L’une des idées évoquées par certaines salles de spectacles l’automne dernier était assez intéressante sur papier : créer une caisse mutuelle de fonds destinés à aider des salles lors de poursuites ou de travaux d’insonorisation. Cette solution demande toutefois que chaque membre impliqué puisse libérer assez de fonds pour investir et que plusieurs salles ne se retrouvent pas à avoir besoin d’argent au même moment ou trop fréquemment.

Que faire?

Que peut-on donc faire, à titre de mélomanes et de citoyens lambda?

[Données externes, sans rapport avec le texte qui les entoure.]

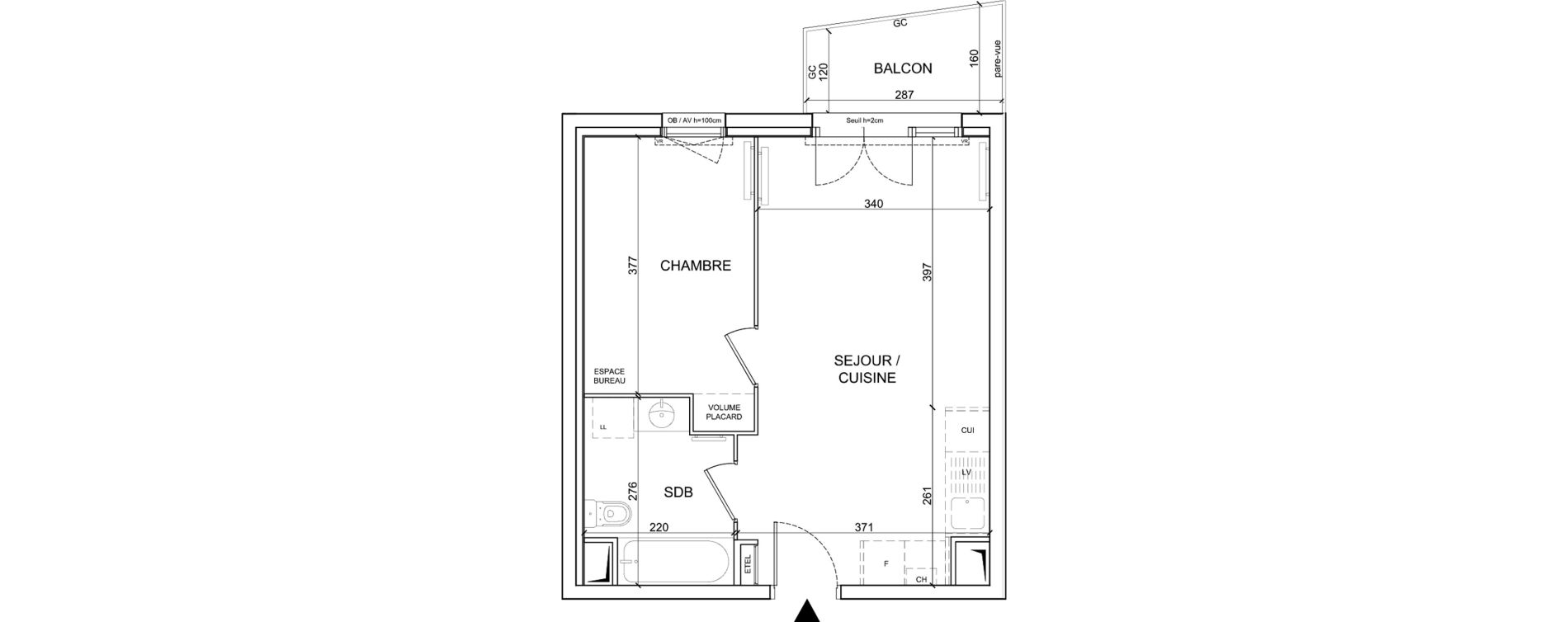 Appartement T2 de 37,90 m2 &agrave; Sainte-Catherine Centre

Pour le moment, c’est principalement de l’implication citoyenne qui est envisageable, à commencer par écrire aux politiciens locaux (maires, conseillers d’arrondissement) pour les pousser à accélérer les processus d’évaluation des nouvelles réglementations sur le bruit. C’est ce qui urge le plus, alors que certaines salles se voient tout juste attribuer des autorisations d’étendre leurs activités jusqu’à 6h du matin en vertu de la nouvelle politique nocturne de la ville, mais sans savoir si cela va générer de nouvelles plaintes.

Ensuite, écrire aux députés provinciaux ou au cabinet du ministre Lacombe pour les pousser à s’intéresser à la question, rapidement tombée dans l’oubli depuis l’automne.

Finalement, en privilégiant les concerts offerts par les plus petites salles de spectacles et les diffuseurs indépendants plutôt que d’aller uniquement voir des prestations d’artistes majeurs dans les grands établissements et festivals.

Sans l’aval des autorités et l’encouragement de tous, si le tendance se maintient, ce ne sera malheureusement qu’une question de temps avant que l’on doive changer notre nom pour Sorspu.ca.

[n.d.l.r. : Nous avons toujours le nom de domaine, depuis la pandémie… mais nous préférerions ne plus jamais avoir à l’utiliser!]